/ Java concurrency: the hidden thread deadlocks ~ Java EE Support Patterns

1.25.2013

Java concurrency: the hidden thread deadlocks

Most Java programmers are familiar with the Java thread deadlock concept. It essentially involves 2 threads waiting forever for each other. This condition is often the result of flat (synchronized) or ReentrantLock (read or write) lock-ordering problems.

Found one Java-level deadlock:
=============================
"pool-1-thread-2":
  waiting to lock monitor 0x0237ada4 (object 0x272200e8, a java.lang.Object),
  which is held by "pool-1-thread-1"
"pool-1-thread-1":
  waiting to lock monitor 0x0237aa64 (object 0x272200f0, a java.lang.Object),
  which is held by "pool-1-thread-2"

The good news is that the HotSpot JVM is always able to detect this condition for you…or is it?

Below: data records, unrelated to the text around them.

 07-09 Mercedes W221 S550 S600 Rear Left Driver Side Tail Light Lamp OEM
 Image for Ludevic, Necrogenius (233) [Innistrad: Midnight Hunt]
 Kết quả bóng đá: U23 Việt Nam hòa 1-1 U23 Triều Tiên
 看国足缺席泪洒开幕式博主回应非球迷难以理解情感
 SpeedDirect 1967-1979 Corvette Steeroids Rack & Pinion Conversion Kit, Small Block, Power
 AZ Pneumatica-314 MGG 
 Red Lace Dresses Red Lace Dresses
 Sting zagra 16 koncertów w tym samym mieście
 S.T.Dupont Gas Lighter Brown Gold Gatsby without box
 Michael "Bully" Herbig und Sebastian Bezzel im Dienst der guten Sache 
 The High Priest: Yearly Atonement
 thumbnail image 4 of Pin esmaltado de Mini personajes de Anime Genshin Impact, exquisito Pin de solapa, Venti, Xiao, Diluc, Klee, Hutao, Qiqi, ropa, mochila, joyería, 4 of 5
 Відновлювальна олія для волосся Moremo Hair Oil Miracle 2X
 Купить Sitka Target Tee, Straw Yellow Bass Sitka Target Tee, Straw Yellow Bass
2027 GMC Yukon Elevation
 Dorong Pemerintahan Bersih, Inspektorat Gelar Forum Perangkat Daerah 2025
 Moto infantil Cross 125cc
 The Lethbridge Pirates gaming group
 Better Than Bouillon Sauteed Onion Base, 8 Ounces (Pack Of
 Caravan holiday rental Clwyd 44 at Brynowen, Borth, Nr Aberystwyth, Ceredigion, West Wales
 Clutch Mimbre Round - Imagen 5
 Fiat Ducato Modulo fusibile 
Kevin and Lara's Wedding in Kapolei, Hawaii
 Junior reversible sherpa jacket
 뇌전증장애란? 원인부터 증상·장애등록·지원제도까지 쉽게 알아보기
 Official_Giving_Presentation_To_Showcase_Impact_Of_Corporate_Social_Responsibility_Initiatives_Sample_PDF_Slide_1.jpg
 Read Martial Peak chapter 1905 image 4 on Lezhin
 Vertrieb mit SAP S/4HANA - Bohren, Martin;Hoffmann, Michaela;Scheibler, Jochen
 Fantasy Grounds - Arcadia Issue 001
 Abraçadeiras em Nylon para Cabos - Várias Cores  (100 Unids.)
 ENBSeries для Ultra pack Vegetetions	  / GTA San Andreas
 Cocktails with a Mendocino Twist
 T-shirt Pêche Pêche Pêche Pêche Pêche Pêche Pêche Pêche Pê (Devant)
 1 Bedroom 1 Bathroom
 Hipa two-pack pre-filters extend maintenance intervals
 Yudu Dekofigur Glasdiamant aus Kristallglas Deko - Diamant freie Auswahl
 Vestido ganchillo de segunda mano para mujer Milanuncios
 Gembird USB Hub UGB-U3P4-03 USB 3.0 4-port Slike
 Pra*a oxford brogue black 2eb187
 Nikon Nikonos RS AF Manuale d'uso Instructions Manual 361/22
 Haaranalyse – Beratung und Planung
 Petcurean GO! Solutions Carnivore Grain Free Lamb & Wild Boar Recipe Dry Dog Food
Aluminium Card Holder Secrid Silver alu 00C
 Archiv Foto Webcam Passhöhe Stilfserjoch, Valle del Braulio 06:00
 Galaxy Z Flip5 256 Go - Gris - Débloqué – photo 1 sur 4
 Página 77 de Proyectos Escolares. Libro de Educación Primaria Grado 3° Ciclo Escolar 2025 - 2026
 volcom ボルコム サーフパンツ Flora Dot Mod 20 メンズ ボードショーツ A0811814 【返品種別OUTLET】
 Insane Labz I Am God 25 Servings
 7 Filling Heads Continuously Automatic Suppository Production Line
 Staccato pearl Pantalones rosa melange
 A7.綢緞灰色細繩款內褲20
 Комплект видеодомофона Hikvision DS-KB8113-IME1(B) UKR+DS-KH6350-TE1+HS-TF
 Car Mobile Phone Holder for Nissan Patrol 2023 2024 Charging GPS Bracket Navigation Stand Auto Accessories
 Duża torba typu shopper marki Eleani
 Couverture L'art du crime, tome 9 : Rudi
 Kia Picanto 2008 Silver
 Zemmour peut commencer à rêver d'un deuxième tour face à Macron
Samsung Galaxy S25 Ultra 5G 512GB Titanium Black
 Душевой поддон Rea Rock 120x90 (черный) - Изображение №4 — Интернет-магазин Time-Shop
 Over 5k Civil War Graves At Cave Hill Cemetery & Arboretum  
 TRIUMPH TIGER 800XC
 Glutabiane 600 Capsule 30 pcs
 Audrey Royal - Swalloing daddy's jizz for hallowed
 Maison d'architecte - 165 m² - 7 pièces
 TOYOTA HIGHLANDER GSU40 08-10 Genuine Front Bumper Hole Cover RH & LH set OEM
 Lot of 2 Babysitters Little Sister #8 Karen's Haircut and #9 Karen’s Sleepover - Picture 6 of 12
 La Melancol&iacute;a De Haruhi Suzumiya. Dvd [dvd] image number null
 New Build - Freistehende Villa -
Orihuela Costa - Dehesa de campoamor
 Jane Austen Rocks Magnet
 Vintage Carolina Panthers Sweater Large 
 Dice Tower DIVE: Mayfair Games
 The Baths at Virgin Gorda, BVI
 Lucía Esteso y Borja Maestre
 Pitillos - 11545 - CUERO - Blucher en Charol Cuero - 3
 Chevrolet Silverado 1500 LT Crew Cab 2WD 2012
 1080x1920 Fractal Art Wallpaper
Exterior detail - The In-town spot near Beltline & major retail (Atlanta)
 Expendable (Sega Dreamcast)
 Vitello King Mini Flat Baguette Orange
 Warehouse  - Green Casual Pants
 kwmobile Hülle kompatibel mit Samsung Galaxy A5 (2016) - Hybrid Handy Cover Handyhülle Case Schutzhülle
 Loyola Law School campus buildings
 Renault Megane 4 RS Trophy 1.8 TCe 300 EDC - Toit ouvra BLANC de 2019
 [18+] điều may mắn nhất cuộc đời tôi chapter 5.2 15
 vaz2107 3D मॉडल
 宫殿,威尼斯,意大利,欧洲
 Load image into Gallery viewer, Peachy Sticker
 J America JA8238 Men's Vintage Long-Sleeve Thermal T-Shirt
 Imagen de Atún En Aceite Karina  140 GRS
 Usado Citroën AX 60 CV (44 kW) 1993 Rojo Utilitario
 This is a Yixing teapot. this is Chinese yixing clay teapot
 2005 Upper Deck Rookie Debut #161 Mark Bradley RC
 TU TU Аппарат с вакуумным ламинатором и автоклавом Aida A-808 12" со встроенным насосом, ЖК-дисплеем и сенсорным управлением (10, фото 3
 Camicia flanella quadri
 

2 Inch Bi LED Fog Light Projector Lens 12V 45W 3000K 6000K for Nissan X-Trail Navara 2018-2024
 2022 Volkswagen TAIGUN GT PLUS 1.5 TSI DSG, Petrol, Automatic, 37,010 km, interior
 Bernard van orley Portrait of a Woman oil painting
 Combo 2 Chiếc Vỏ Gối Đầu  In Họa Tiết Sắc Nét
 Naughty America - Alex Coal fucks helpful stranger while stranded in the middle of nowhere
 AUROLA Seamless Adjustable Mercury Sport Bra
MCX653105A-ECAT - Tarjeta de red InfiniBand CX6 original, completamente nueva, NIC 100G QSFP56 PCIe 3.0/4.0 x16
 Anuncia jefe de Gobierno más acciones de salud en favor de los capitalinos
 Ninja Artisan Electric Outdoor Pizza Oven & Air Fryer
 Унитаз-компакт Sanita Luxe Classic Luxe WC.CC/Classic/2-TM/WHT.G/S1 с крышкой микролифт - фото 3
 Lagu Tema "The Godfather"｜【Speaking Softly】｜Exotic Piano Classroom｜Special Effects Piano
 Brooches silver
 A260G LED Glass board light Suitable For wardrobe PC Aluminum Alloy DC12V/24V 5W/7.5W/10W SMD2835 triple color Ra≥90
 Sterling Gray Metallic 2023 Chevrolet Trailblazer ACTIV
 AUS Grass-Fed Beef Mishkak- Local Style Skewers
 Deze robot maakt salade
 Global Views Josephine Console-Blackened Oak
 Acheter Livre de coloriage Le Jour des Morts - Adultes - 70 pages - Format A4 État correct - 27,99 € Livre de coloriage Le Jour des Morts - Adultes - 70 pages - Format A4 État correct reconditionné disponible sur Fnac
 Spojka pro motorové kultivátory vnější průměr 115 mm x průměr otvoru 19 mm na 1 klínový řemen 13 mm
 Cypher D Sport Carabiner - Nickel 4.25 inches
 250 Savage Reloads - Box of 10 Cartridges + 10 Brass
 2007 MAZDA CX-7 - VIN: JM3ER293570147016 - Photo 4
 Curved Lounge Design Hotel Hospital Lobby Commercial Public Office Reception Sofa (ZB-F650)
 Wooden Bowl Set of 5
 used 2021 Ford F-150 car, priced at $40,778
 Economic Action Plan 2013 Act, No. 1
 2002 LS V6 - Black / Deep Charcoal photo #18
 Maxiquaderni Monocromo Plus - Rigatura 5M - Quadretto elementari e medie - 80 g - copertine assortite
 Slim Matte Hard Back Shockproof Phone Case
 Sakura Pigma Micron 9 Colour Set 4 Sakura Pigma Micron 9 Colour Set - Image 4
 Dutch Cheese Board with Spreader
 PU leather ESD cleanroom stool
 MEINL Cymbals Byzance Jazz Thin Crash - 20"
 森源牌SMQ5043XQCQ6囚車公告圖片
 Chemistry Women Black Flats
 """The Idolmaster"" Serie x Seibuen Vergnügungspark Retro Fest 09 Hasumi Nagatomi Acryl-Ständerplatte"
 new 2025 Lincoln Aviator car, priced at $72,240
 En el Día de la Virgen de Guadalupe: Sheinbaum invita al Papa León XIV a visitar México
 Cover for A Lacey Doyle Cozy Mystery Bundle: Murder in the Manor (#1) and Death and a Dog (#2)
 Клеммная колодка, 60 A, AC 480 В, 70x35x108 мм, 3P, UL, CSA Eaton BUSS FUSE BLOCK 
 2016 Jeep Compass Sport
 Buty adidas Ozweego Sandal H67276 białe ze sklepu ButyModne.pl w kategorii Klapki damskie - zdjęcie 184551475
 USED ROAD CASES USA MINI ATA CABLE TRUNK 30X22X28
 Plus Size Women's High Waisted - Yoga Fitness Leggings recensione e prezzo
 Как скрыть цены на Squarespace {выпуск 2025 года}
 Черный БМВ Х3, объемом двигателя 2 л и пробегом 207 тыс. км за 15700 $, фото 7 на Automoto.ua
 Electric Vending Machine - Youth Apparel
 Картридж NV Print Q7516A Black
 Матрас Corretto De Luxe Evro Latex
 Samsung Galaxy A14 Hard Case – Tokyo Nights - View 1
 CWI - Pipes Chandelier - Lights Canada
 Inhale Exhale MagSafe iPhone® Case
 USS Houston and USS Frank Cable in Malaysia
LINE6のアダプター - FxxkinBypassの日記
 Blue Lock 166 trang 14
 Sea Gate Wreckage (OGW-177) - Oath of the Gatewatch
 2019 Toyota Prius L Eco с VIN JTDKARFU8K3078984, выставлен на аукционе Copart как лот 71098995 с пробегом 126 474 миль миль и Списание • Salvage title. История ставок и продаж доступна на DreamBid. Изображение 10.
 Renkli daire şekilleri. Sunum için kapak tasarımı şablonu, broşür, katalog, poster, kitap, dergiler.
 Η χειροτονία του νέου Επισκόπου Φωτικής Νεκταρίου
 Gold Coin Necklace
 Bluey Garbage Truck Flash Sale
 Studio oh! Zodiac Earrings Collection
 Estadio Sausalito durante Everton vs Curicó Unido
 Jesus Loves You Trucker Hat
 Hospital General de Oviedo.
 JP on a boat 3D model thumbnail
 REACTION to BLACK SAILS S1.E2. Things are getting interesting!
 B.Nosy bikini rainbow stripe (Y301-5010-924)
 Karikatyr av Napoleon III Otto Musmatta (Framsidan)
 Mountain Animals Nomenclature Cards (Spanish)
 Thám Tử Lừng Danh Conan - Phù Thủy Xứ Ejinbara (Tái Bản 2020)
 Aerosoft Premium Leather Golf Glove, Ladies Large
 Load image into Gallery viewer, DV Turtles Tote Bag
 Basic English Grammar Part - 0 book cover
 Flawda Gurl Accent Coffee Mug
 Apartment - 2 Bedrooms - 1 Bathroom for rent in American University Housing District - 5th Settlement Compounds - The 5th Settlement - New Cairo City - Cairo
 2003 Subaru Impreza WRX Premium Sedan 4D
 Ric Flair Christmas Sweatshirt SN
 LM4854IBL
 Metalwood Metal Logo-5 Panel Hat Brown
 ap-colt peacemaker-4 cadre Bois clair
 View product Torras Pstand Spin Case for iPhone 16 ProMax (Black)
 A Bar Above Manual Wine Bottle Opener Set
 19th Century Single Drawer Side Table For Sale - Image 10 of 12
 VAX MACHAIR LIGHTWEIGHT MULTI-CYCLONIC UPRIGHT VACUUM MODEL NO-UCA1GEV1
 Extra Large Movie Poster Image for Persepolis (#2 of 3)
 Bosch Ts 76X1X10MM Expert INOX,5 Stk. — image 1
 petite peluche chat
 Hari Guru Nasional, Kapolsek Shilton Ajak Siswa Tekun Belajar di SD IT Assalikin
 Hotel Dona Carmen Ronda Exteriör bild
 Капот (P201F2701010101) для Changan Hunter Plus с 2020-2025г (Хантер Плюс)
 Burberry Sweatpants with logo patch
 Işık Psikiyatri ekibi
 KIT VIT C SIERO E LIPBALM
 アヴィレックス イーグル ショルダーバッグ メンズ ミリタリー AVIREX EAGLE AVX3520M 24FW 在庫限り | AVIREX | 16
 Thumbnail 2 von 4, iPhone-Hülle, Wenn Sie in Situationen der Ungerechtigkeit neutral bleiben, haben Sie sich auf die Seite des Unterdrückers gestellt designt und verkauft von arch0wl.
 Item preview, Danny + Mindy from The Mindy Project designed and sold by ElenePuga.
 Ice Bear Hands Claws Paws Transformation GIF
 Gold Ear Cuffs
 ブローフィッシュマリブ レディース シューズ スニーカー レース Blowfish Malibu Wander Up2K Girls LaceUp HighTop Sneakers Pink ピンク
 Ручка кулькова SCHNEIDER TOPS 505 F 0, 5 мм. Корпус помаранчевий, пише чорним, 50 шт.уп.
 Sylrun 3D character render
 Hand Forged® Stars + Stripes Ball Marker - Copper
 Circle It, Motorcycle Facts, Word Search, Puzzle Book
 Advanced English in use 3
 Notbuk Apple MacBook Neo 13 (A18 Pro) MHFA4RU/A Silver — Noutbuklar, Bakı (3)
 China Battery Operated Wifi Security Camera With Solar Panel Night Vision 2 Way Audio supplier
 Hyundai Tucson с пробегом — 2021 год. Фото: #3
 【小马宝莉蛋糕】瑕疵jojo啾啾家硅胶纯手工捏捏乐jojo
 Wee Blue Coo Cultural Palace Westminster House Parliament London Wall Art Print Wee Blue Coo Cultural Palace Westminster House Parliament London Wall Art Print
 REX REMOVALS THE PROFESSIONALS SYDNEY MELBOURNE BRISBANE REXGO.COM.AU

A recent thread deadlock problem affecting an Oracle Service Bus production environment has forced us to revisit this classic problem and identify the existence of “hidden” deadlock situations.

This article will demonstrate and replicate via a simple Java program a very special lock-ordering deadlock condition which is not detected by the latest HotSpot JVM 1.7. You will also find a video at the end of the article explaining you the Java sample program and the troubleshooting approach used.

The crime scene

I usually like to compare major Java concurrency problems to a crime scene where you play the lead investigator role. In this context, the “crime” is an actual production outage of your client IT environment. Your job is to:

  • Collect all the evidences, hints & facts (thread dump, logs, business impact, load figures…)
  • Interrogate the witnesses & domain experts (support team, delivery team, vendor, client…)
The next step of your investigation is to analyze the collected information and establish a potential list of one or many “suspects” along with clear proofs. Eventually, you want to narrow it down to a primary suspect or root cause. Obviously the law “innocent until proven guilty” does not apply here, exactly the opposite.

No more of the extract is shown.